▸ **Supplied entries**
----

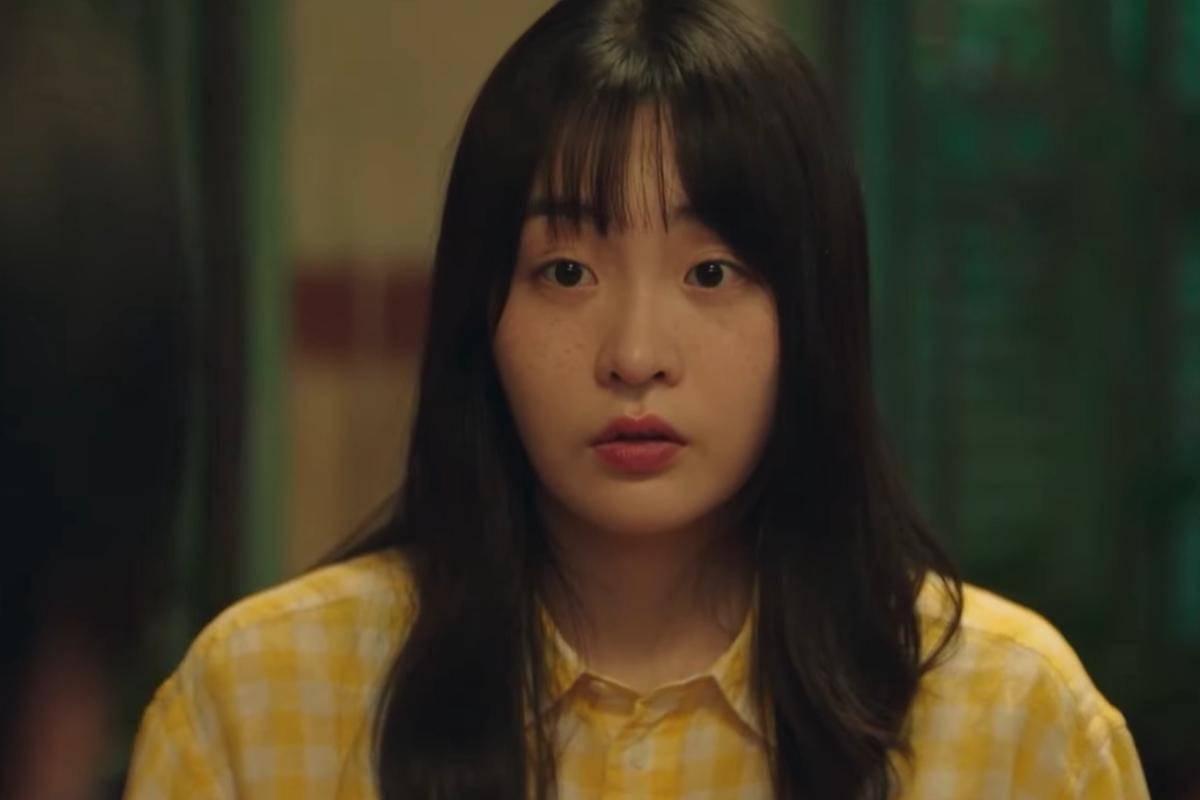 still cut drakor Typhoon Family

----

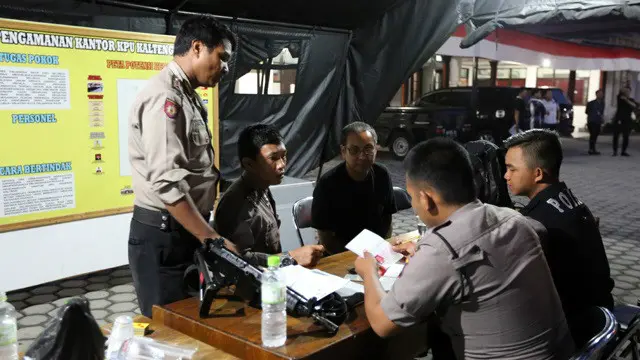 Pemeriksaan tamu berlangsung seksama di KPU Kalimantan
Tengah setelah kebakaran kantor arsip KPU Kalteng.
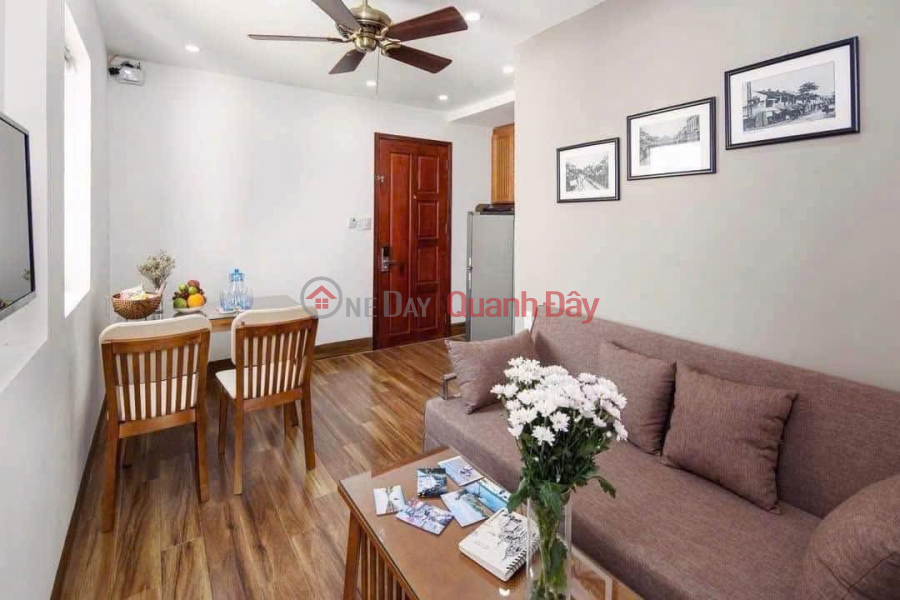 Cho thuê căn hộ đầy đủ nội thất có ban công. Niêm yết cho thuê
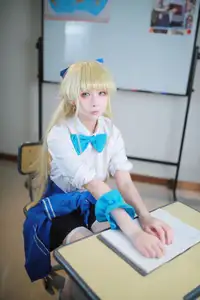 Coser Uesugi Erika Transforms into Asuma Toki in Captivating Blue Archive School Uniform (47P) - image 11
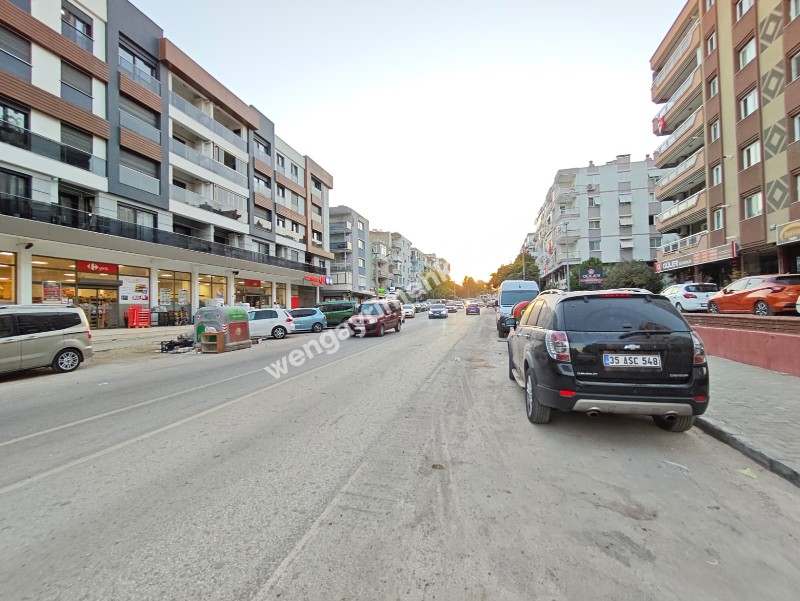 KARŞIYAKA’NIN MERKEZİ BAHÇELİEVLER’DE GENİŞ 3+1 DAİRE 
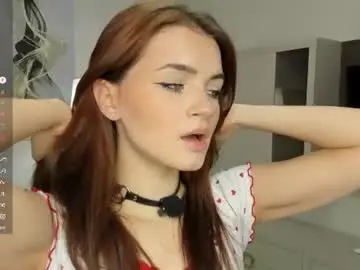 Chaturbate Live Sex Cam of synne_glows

----

Reproduce the data above exactly, but only the lines from the one showing "KARŞIYAKA’NIN MERKEZİ BAHÇELİEVLER’DE" through the one showing "Chaturbate Live Sex Cam of synne_glows", with both ends kept and the pictures left out.

▸ **Written response**
 KARŞIYAKA’NIN MERKEZİ BAHÇELİEVLER’DE GENİŞ 3+1 DAİRE 
 Chaturbate Live Sex Cam of synne_glows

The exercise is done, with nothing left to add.